G. Tracy Mehan III, director of the Michigan Office of the Great Lakes, praised the governor’s action, calling it far-sighted. "Exotic species disrupt ecosystems and create natural and economic havoc," said Mehan. "They are the most immediate and potentially catastrophic threat to the Great Lakes."

While acknowledging the severity of the problem, some environmental leaders nevertheless remarked that Governor Engler was mustering unusual energy to attack the invaders. "I just wish he would pound the pulpit just as hard for other serious Great Lakes concerns," said Dave Dempsey, policy director for the Michigan Environmental Council.

Somehow it’s hard to imagine that a little fish can disrupt an entire ecosystem.

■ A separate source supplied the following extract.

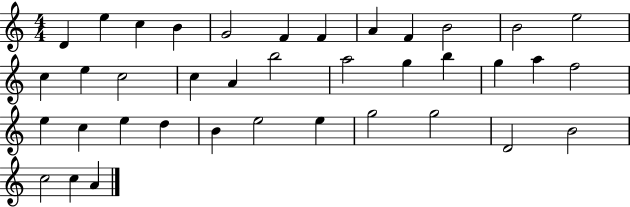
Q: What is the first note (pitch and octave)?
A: D4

Non-native plants and animals — so-called exotic species — cause harm by rearranging the relationships between the home grown critters. In especially severe cases, such as the proliferation of the thumb-nail size zebra mussels, they appear to be establishing whole new ecosystems, say scientists.

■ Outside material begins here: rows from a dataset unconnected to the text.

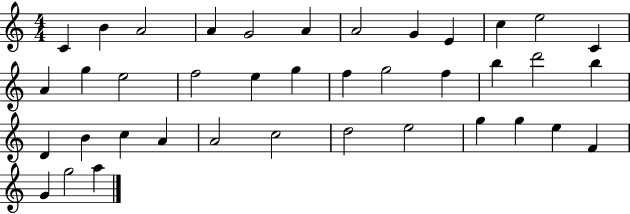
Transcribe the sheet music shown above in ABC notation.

X:1
T:Untitled
M:4/4
L:1/4
K:C
C B A2 A G2 A A2 G E c e2 C A g e2 f2 e g f g2 f b d'2 b D B c A A2 c2 d2 e2 g g e F G g2 a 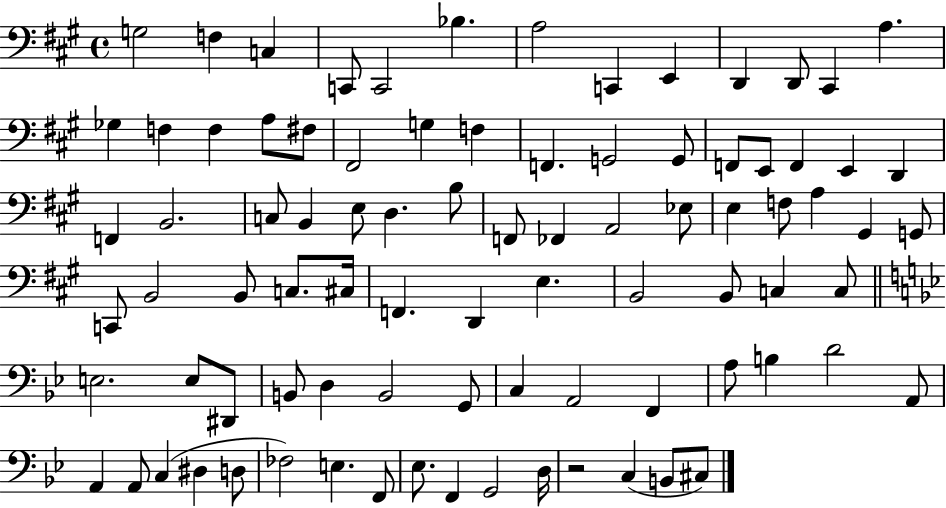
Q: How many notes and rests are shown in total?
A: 87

Few regions of the world provide quite as grand a welcome mat as the Great Lakes. Since 1830, nearly 140 exotic species have established new homes here. Some are deliberately introduced, like the Coho salmon in 1933, to invigorate the sport fishery. Others, like the sea lamprey, which attaches to game fish and literally sucks the life out of its prey, migrated in on their own.

Most exotic species, however, are now arriving in the ballast water of cargo ships. The zebra mussel, a stowaway in a ship coming from eastern Europe, was discovered in 1988 and is now clogging intake pipes throughout the Mississippi River basin.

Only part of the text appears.